A bit of searching here and there led me to some sample code from the pgvector team that fits the bill. It is SQL-based, albeit Postgres-flavoured. With some very very minor adjustments here and there, I was able to adopt it for my particular case though all credits belong to the pgvector team.
For lexical search, I derive the scores as follows, nothing too fancy. Of note,
I use window queries to assign the rank in descending order. The null last
part is superfluous since that’s the default behaviour though I prefer making it
explicit:
select
id as entry_id,
rank() over (
order by fts_main_entries.match_bm25(id, $1) desc nulls last
) as rank
from entries
Semantic search based on vector similarity is similar. Unlike FTS, it does not
produce null scores for documents that aren’t entirely irrelevant so I didn’t
add the nulls last clause in the window clause
select
entry_id,
rank() over(
order by array_cosine_similarity(vec, $2::FLOAT[{dimension}]) desc
) as rank
from embeddings
Now for the fun part, combining both scores using RRF. A search result might
appear in the lexical part or the semantic part or both, that’s why the
full outer join is there, to ensure the row is kept regardless of whether it’s
from both sides or just one of them. It’s also why we’ve got the coalesce,
null propagation can mess up the calculation so in case there’s a null, coalesce
assigns a default score of 0. The 60 constant is somewhat of a magic number that
the authors of the RRF paper derive experimentally - it can be configured to
some other value though.
select
coalesce(l.entry_id, s.entry_id) as entry_id,
coalesce(1.0 / (60 + s.rank), 0.0) +
coalesce(1.0 / (60 + l.rank), 0.0) as score
from lexical_search l
full outer join semantic_search s using(entry_id)
order by score desc
limit 20
Bringing in all the snippets, we end up with:
with lexical_search as (
select
id as entry_id,
rank() over (
order by fts_main_entries.match_bm25(id, $1) desc nulls last
) as rank
from entries
),
semantic_search as (
select
entry_id,
rank() over(
order by array_cosine_similarity(vec, $2::FLOAT[{dimension}]) desc
) as rank
from embeddings
)
select
coalesce(l.entry_id, s.entry_id) as entry_id,
coalesce(1.0 / (60 + s.rank), 0.0) +
coalesce(1.0 / (60 + l.rank), 0.0) as score
from lexical_search l
full outer join semantic_search s using(entry_id)
order by score desc
limit 20
I didn’t add the limit clauses in the sub queries particularly the one for semantic search - I’m being optimistic here that DuckDB’s query optimizer will figure it out. Though as always, it’s best to check the query plan and ensure we’re ending up with an index scan rather than a sequential scan
RRF using Polars
Here’s how to calculate RRF using Polars, for comparison’s sake.
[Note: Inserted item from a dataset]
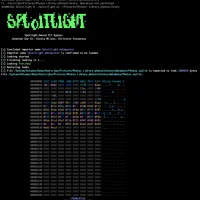 微软发现可泄露私人数据的 macOS Spotlight 漏洞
I’ll post the snippets bit by bit with explanations then post the whole code at a go.
Suppose search_results consists of PyArrow tables and each table has an id
column for the document ID and a score column for the score assigned by the
search/retrieval algorithm. The higher the score the ‘closer’/more relevant the
document is to the query.
To convert a pyarrow table to a polars dataframe:
df = pl.from_arrow(tbl)
To assign a rank to a document based on its score. This snippet also drops the
score column since once we have the rank we don’t need the score (for RRF)
df
.with_columns(
pl.col("score")
.rank(method="dense", descending=True)
.alias("rank")
)
.drop("score")
To ‘gather’ all the rankings into a single dataframe, use pl.concat which
takes in an iterator/list of dataframes
df = pl.concat(
pl.from_arrow(tbl)
.with_columns(
pl.col("score")
.rank(method="dense", descending=True)
.alias("rank")
)
.drop("score")
for r in search_results
)
Next, group all the rows and gather the different rankings into a list:
df = df.agg(pl.col("rank").alias("ranks"))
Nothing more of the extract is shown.